When you see the right thing, do it — this may look like more work in the short term, but it's the path of least effort in the long run. If you don't know what the right thing is, do the minimum necessary to get the job done, at least until you figure out what the right thing is.
To do the Unix philosophy right, you have to be loyal to excellence. You have to believe that software design is a craft worth all the intelligence, creativity, and passion you can muster. Otherwise you won't look past the easy, stereotyped ways of approaching design and implementation; you'll rush into coding when you should be thinking. You'll carelessly complicate when you should be relentlessly simplifying — and then you'll wonder why your code bloats and debugging is so hard.
To do the Unix philosophy right, you have to value your own time enough never to waste it. If someone has already solved a problem once, don't let pride or politics suck you into solving it a second time rather than re-using.
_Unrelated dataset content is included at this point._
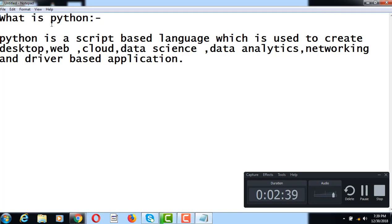For example, you may have seen C and C++ scripts before. C and C++ languages have a lot of rules and regulations, making them more complex.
And never work harder than you have to; work smarter instead, and save the extra effort for when you need it. Lean on your tools and automate everything you can.
Software design and implementation should be a joyous art, a kind of high-level play. If this attitude seems preposterous or vaguely embarrassing to you, stop and think; ask yourself what you've forgotten. Why do you design software instead of doing something else to make money or pass the time? You must have thought software was worthy of your passion once....
To do the Unix philosophy right, you need to have (or recover) that attitude. You need to care. You need to play. You need to be willing to explore.
We hope you'll bring this attitude to the rest of this book. Or, at least, that this book will help you rediscover it.